Division of Diabetes Translation, National Center for Chronic Disease Prevention and Health Promotion, Centers for Disease Control and Prevention, Mailstop K10, 4770 Buford Highway, Atlanta, GA, 30341, USA.
Hubert Department of Global Health, Emory University, 1518 Clifton Road NE, Ste 7041 CNR Building, Atlanta, GA, 30322, USA.
Curr Diab Rep. 2018 Nov 20;18(12):146. doi: 10.1007/s11892-018-1112-3.
To advance our understanding of the impacts of policies and programs aimed at improving detection, engagement, prevention, and clinical diabetes management in the USA, we synthesized findings from a network of studies that used natural experiments to evaluate diabetes health policies and programs.
Studies from the Natural EXperiments for Translation in Diabetes (NEXT-D) network used rigorous longitudinal quasi-experimental study designs (e.g., interrupted time series) and analytical methods (e.g., difference-in-differences) to augment causal inference. Investigators partnered with health system stakeholders to evaluate whether glucose testing rates changed from before-to-after clinic interventions (e.g., integrating electronic screening decision prompts in New York City) or employer programs (e.g., targeted messaging and waiving copayments for at-risk employees). Other studies examined participation and behavior change in low- (e.g., wellness coaching) or high-intensity lifestyle modification programs (e.g., diabetes prevention program-like interventions) offered by payers or employers. Lastly, studies assessed how employer health insurance benefits impacted healthcare utilization, adherence, and outcomes among people with diabetes. NEXT-D demonstrated that low-intensity interventions to facilitate glucose testing and enhance engagement in lifestyle modification were associated with small improvements in weight but large improvements in screening and testing when supported by electronic health record-based decision-support.
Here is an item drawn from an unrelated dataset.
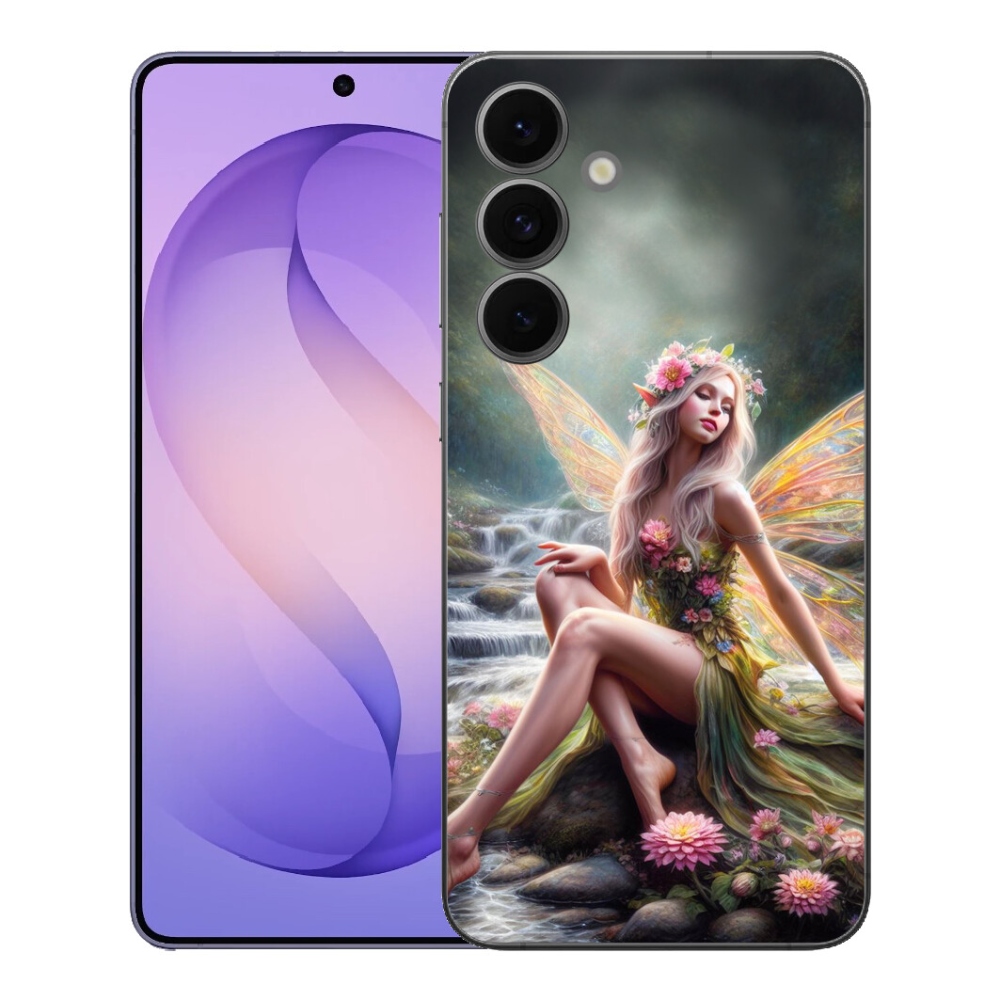 Gélový kryt mmCase na Samsung Galaxy S26 FE - motýlia žena 1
Regarding high-intensity diabetes prevention program-like lifestyle programs offered by payers or employers, enrollment was modest and led to weight loss and marginally lower short-term health expenditures. Health plans that incentivize patient behaviors were associated with increases in medication adherence. Meanwhile, shifting patients to high-deductible health plans was associated with no change in medication use and preventive screenings, but patients with diabetes delayed accessing healthcare for acute complications (e.g., cellulitis). Findings were more pronounced among lower-income patients, who experienced increased rates and acuity of emergency department visits for diabetes complications and other high-severity conditions. Findings from NEXT-D studies provide informative data that can guide programs and policies to facilitate detection, prevention, and treatment of diabetes in practice.
为了增进我们对美国旨在提高糖尿病检测、参与度、预防和临床管理水平的政策和项目影响的理解,我们综合了利用自然实验评估糖尿病健康政策和项目的网络研究的结果。
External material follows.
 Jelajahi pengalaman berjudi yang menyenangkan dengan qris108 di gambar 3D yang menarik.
自然实验促进糖尿病转化(NEXT-D)网络中的研究采用严格的纵向准实验研究设计(例如,中断时间序列)和分析方法(例如,差异中的差异)来增强因果推断。研究人员与卫生系统利益相关者合作,评估在诊所干预(例如,在纽约市整合电子筛查决策提示)前后,葡萄糖检测率是否发生变化,或雇主计划(例如,针对高危员工的定向信息传递和免除共付额)。其他研究则考察了低强度(例如,健康教练)或高强度生活方式改变计划(例如,类似于糖尿病预防计划的干预措施)的参与度和行为变化,这些计划由支付者或雇主提供。最后,研究评估了雇主健康保险福利如何影响糖尿病患者的医疗保健利用、依从性和结果。NEXT-D 表明,促进葡萄糖检测和增强生活方式改变参与度的低强度干预措施与体重的微小改善相关,但在得到电子健康记录决策支持支持时,与筛查和检测的大幅改善相关。关于支付者或雇主提供的类似于高强度糖尿病预防计划的生活方式项目,入组人数适中,导致体重减轻和短期医疗支出略有降低。激励患者行为的健康计划与药物依从性的增加有关。同时,将患者转移到高免赔额健康计划与药物使用和预防筛查没有变化相关,但糖尿病患者延迟了急性并发症(例如蜂窝织炎)的医疗保健。在收入较低的患者中,这些发现更为明显,他们因糖尿病并发症和其他高严重程度疾病的急诊就诊率和严重程度增加。NEXT-D 研究的结果提供了有启发性的数据,可以指导计划和政策,以促进糖尿病的实际检测、预防和治疗。